→ Requirement:
Retype all of the listing exactly, passing over any picture you find.

→ Material provided:
- - -
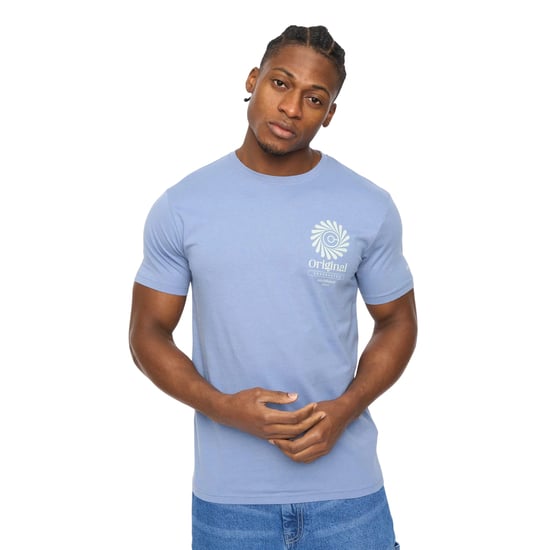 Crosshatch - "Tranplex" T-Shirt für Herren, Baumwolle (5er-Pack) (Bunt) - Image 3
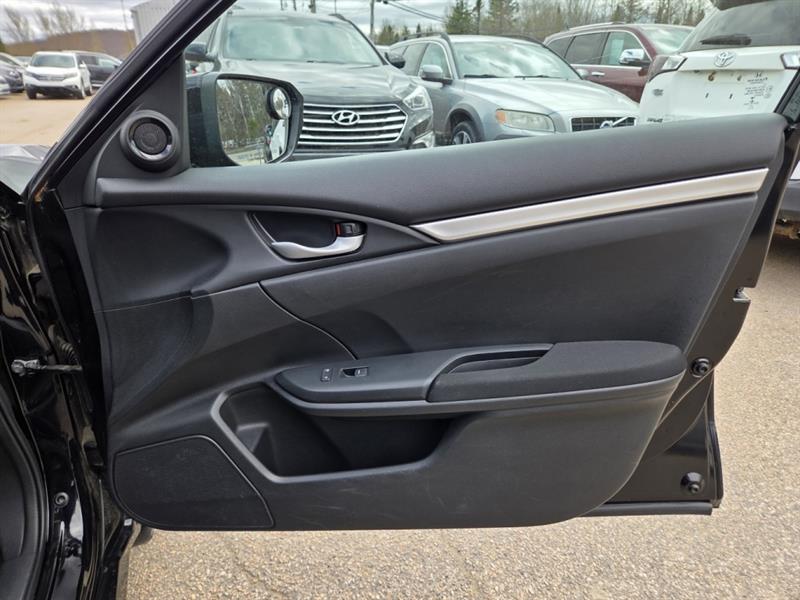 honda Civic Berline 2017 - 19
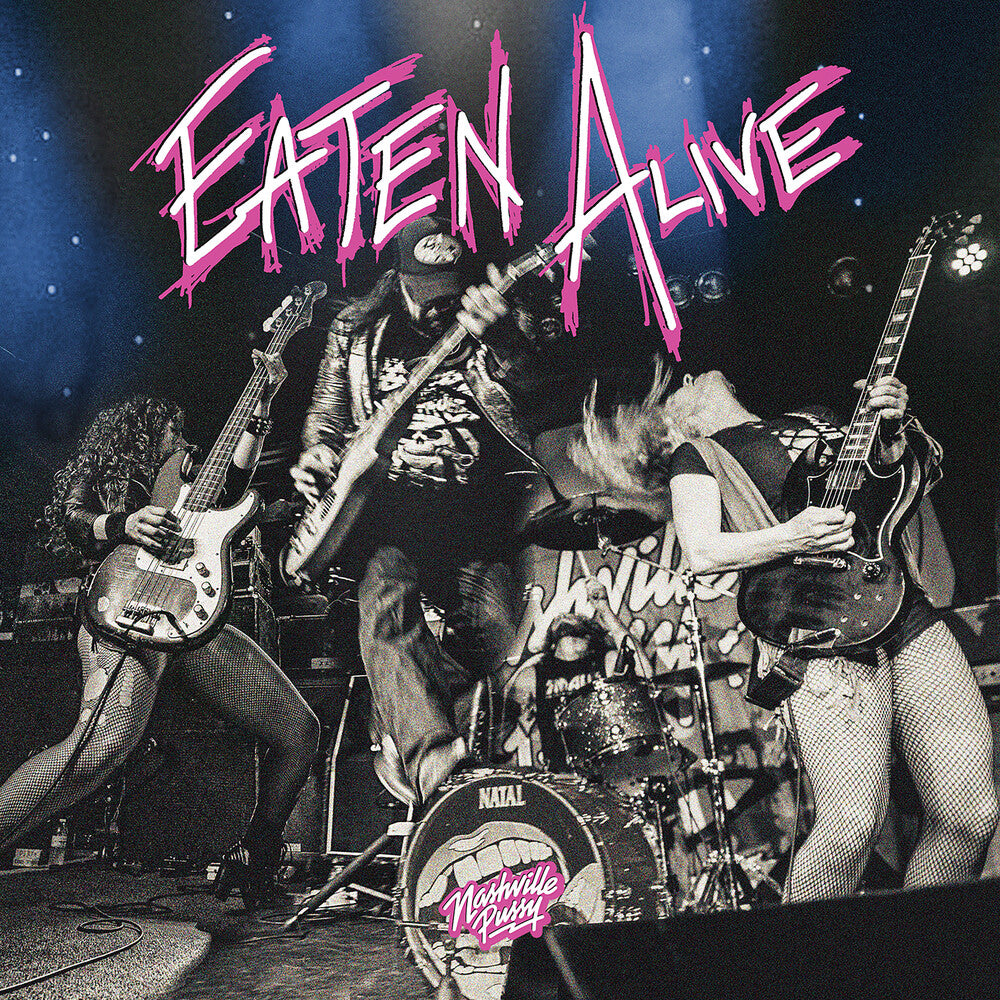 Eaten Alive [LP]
- - -
→ Completed exercise:
 Crosshatch - "Tranplex" T-Shirt für Herren, Baumwolle (5er-Pack) (Bunt) - Image 3
 honda Civic Berline 2017 - 19
 Eaten Alive [LP]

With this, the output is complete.